Question

find a) any critical values and b) any relative extrema. f(x)=x^2 - 6x + 3 a) select the correct choice below and, if necessary, fill in the answer box within your choice. a. the critical value(s) of the function is/are (use a comma to separate answers as needed.) b. the function has no critical values.

Explanation:

Step1: Find the derivative of the function

$f(x)=x^{2}-6x + 3$, using the power - rule $(x^n)'=nx^{n - 1}$, we have $f'(x)=2x-6$.

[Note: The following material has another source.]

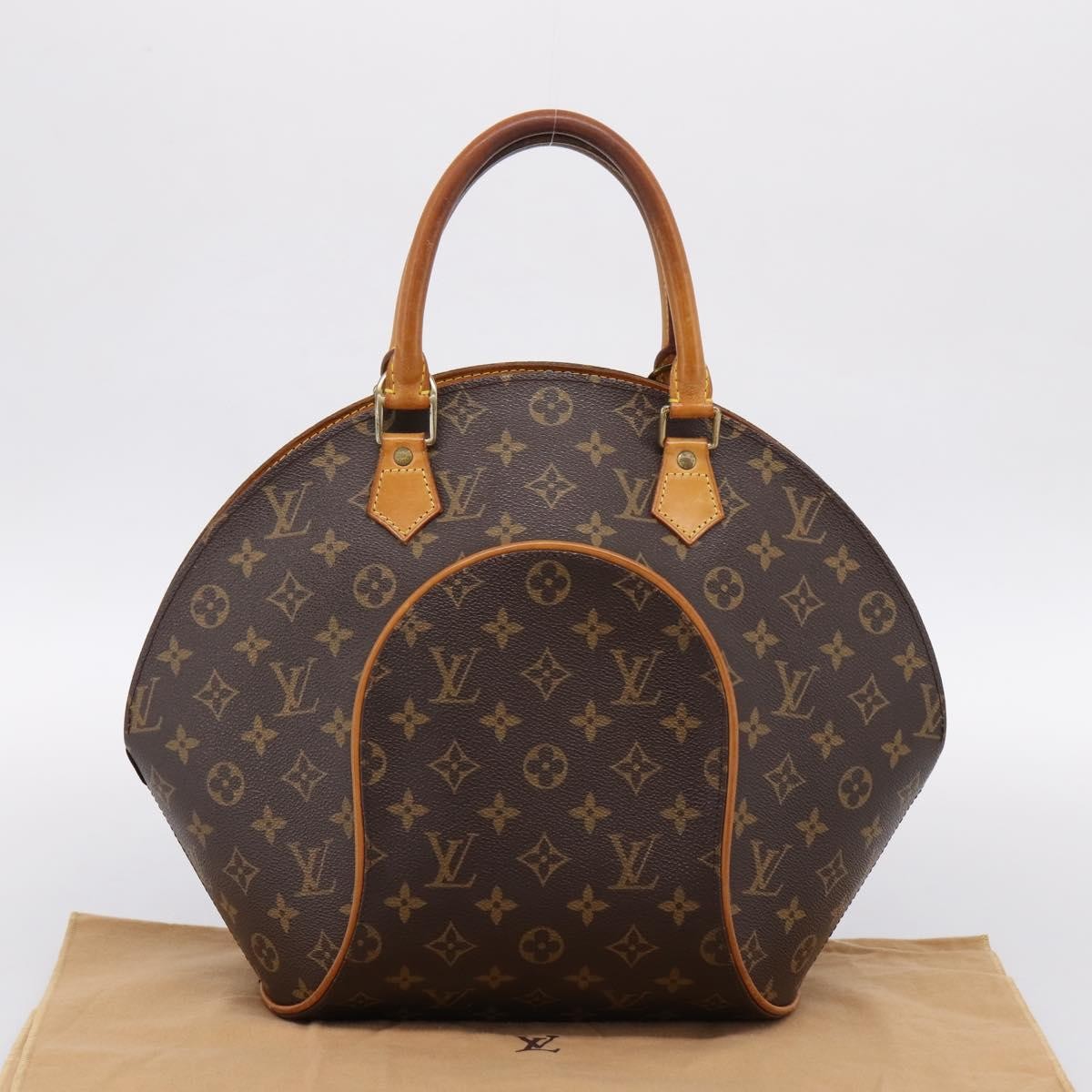 Louis Vuitton Ellipse Monogram, Brown, Canvas, Handbag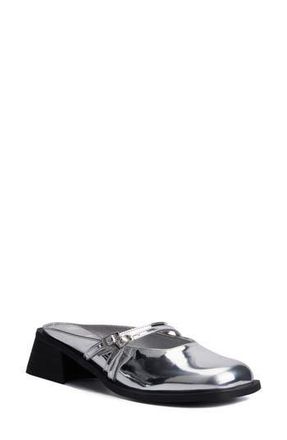 Olivia Miller Aquarius Mule in Silver at Nordstrom Rack, Size 6.5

Step2: Set the derivative equal to zero to find critical values

Set $f'(x)=0$, so $2x - 6=0$. Solving for $x$:
Add 6 to both sides: $2x=6$. Then divide by 2, we get $x = 3$.

Step3: Use the second - derivative test to find relative extrema

Find the second - derivative $f''(x)$. Since $f'(x)=2x - 6$, then $f''(x)=2>0$.
When $f''(x)>0$ at a critical value $x = c$, the function has a relative minimum at $x = c$.
Substitute $x = 3$ into the original function $f(x)$: $f(3)=3^{2}-6\times3 + 3=9-18 + 3=-6$.

Answer:

a) A. The critical value(s) of the function is/are $3$.
b) The relative minimum is $-6$ at $x = 3$.